Y aquí tenemos ya, hermanos, las consecuencias de esta vida muelle, los errores tremendos. Además de ese falso concepto de propiedad, lo más terrible es esto: metaliza, hace insensibles a los hombres. ¿Qué es lo que aquí denuncia Jesucristo -cuando dice- que mientras el rico se banqueteaba, Lázaro “estaba echado en su portal cubierto de llagas y con ganas de saciarse de lo que tiraban de la mesa del rico, pero nadie se la daba. Hasta los perros se acercaban a lamerle las llagas?” Tenían más dicha los perros, los cuales podían comer los mendrugos con que el rico se limpiaba sus manos o los platos y se los tira al perro, y el pobre siquiera eso quería y ni eso se le daba.
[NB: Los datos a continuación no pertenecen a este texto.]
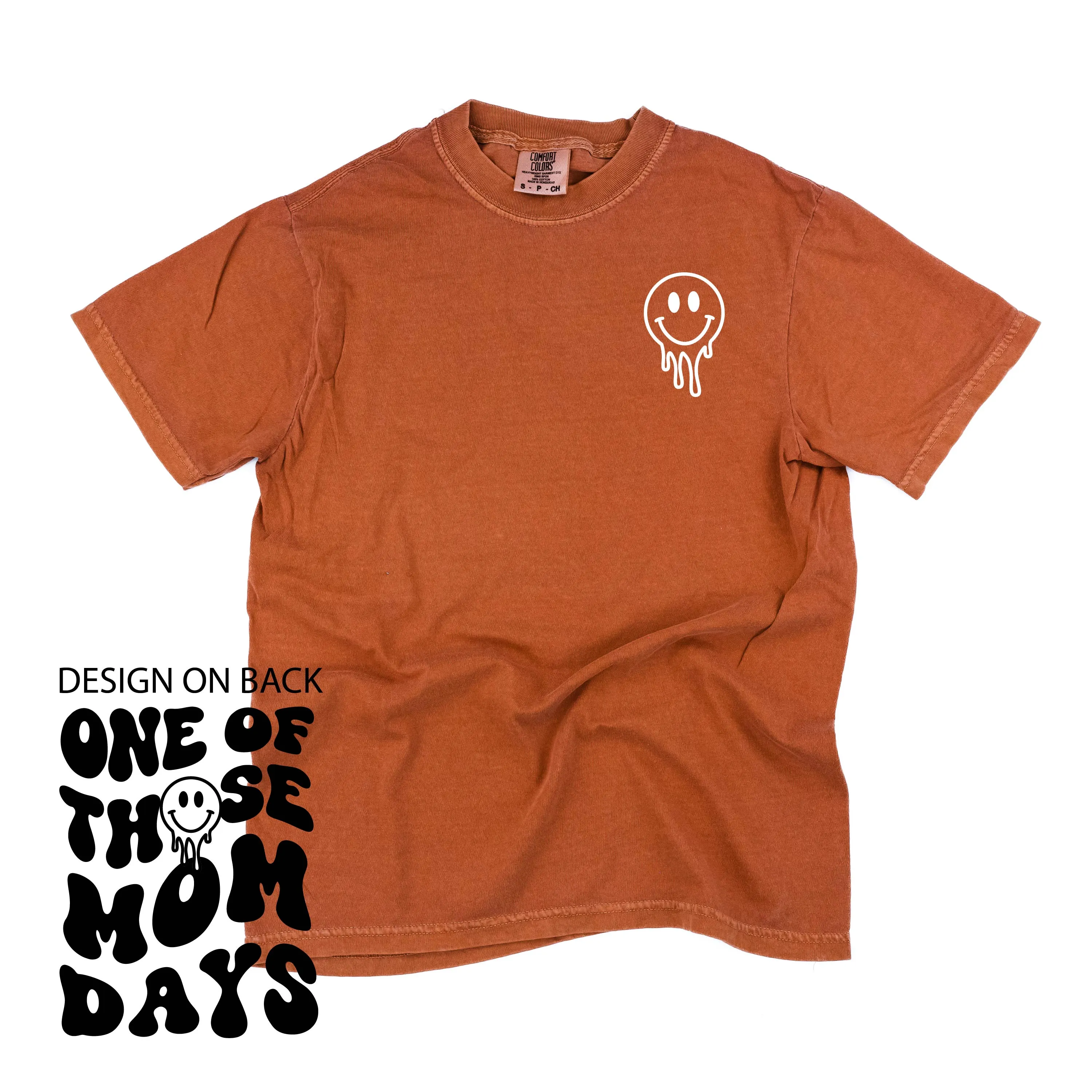 Melting Motherhood - ONE OF THOSE MOM DAYS - (w/ Melty Smiley) - SHORT SLEEVE COMFORT COLORS TEE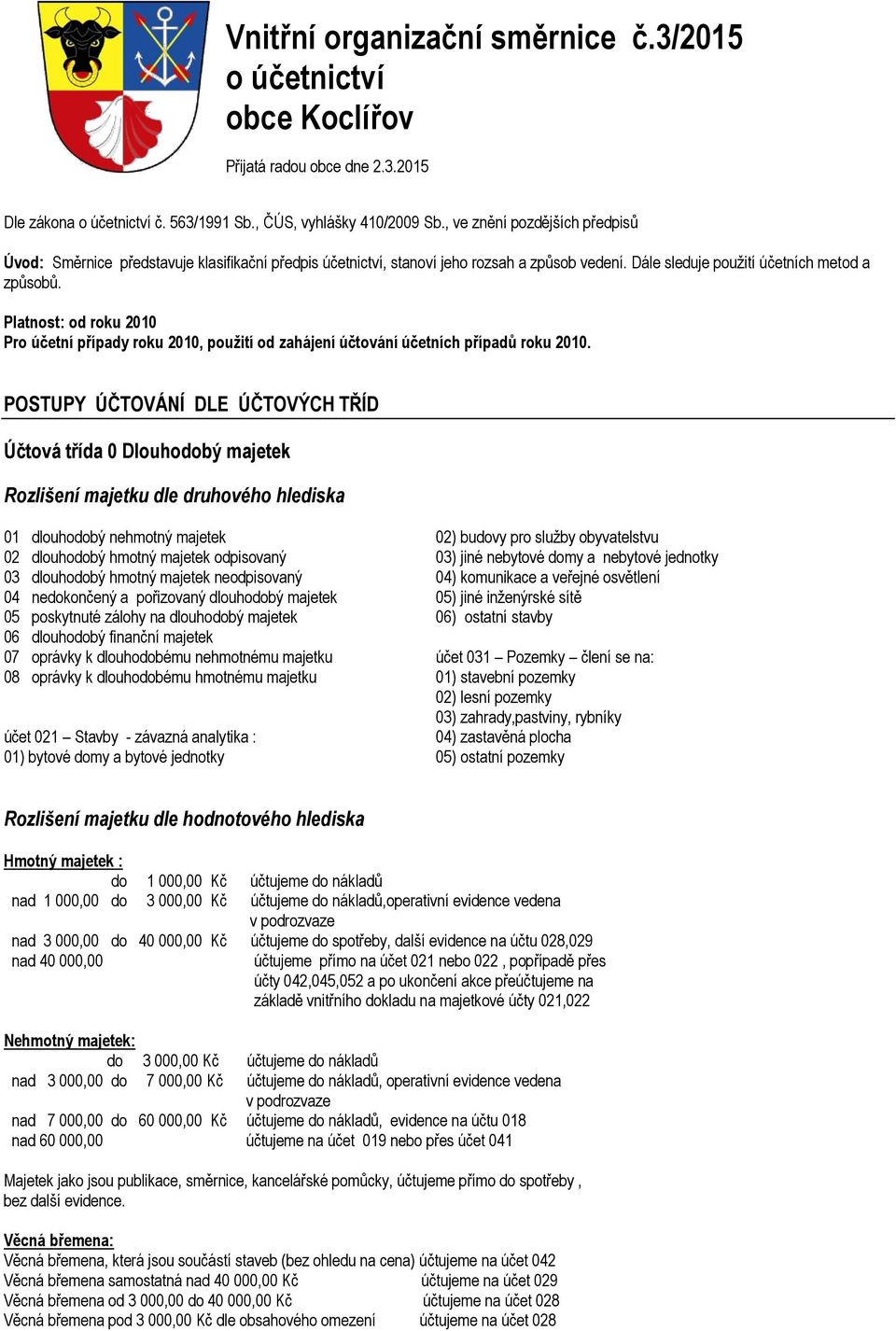 Platnost: od roku 2010 Pro účetní případy roku 2010, použití od zahájení účtování účetních případů roku 2010.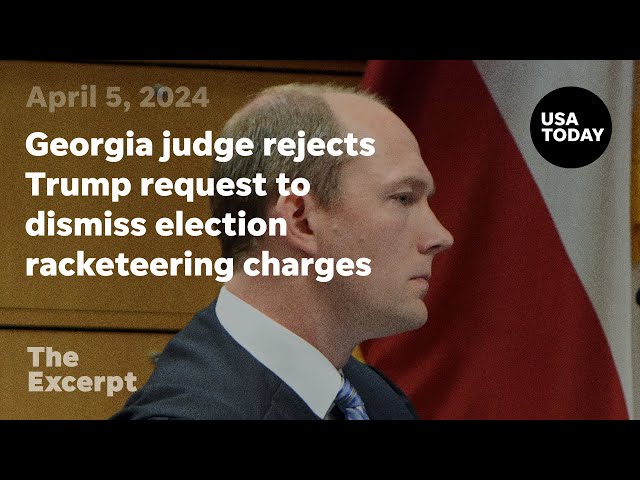 Georgia judge rejects Trump request to dismiss election racketeering charges | The Excerpt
O como dice la primera lectura, también, después de describir esas orgías; “Y no os doléis de los desastres de José”. José era la tribu que se consideraba como más pobre, más necesitada; y los necesitados de José, pues eran como la expresión de la pobreza suma, de la miseria. Mientras unos, pues tienen abundancia, son insensibles.
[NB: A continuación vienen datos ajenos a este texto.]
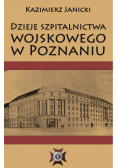 Dzieje szpitalnictwa wojskowego w Poznaniu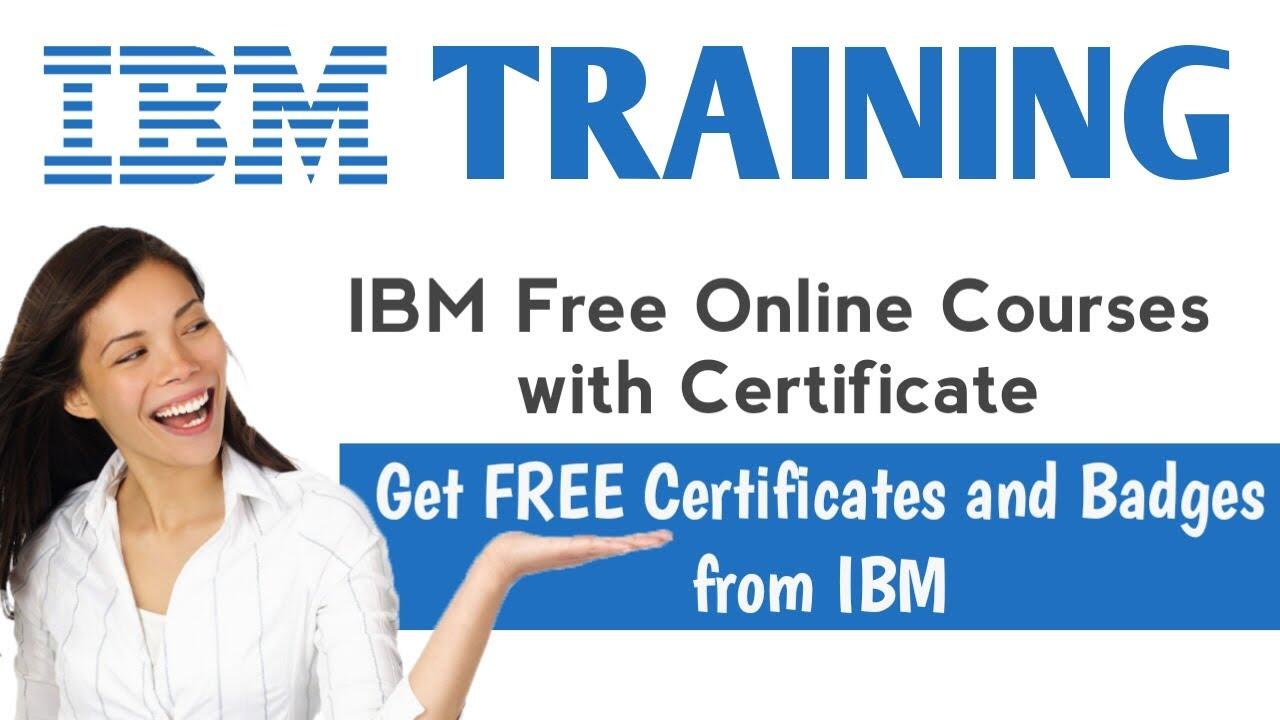 IBM Free Online Courses with Certificate or Badge | IBM Training 1 1651542553 maxresdefault compress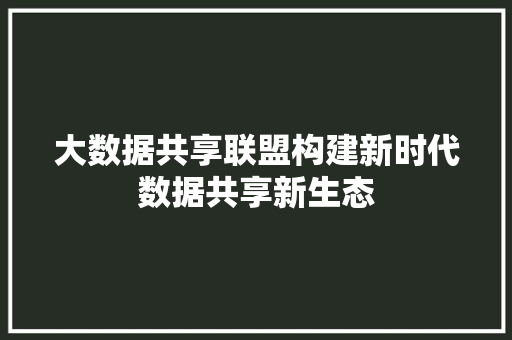 大数据共享联盟构建新时代数据共享新生态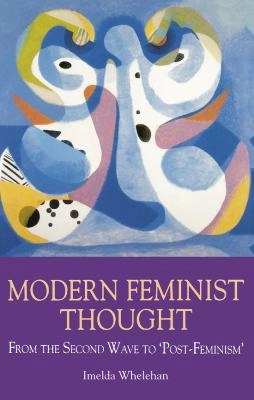Modern feminist thought : from the second wave to 'post-feminism'; Imelda Whelehan; 1995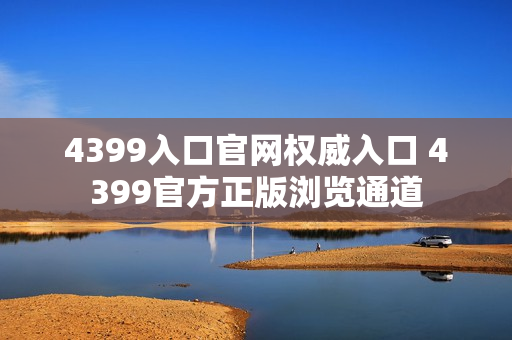 4399入口官网权威入口 4399官方正版浏览通道 4399入口官网权威入口 4399官方正版浏览通道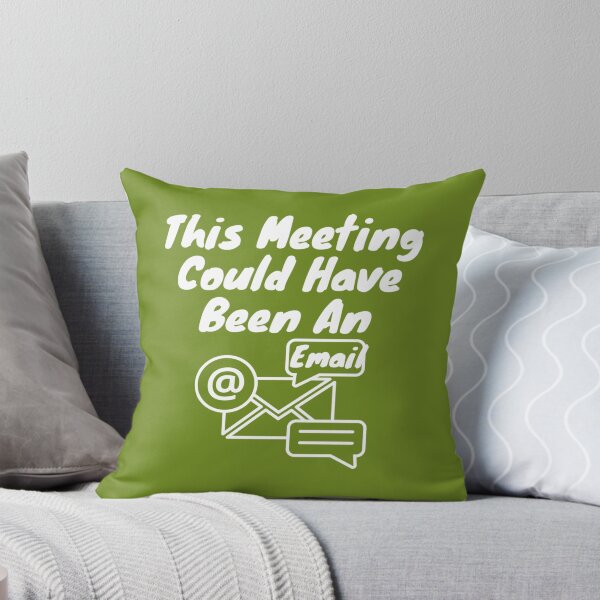 Item preview, This Meeting Could Have Been An Email  designed and sold by CompassRoseShop.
Este es el pecado grave, la insensibilidad. Y aquí hermanos no lo estoy diciendo sólo de los grandes ricos, lo digo también de todos nosotros, que cuando tenemos algo que comer, un sorbete siquiera, una migaja, una tortilla, tal vez comiendo nosotros nos hacemos insensibles al pobre que no tiene ni eso. ¿Por qué no compartir, como dicen los profetas, hasta nuestras pobrezas? Es una traición, según el profeta Amós, contra la alianza con Yahvé. Si Dios había hecho una alianza con este pueblo, “seréis mi pueblo y yo seré vuestro Dios”, pero con la condición de que se sintieran todos pueblo de Dios, hermanos unos de otros. Tanto era sí que leemos una ley en el Levítico, capítulo 25, dice: “La tierra no puede venderse para siempre, porque la tierra es mía, ya que vosotros sois para mí como forasteros y huéspedes”. Era el concepto de los ricos de Israel de que ellos eran como renteros de Dios, como que Dios les había rentado unas tierras; la propiedad privada la consideraban a la luz de Dios y el pobre era el representante de Dios al que había que pagarle esa renta de la tierra. De allí que el rico y el pobre debían de sentarse a compartir juntos como dos limosneros. Dios le da limosna al rico y Dios, por el rico, le quiere dar limosna también al pobre.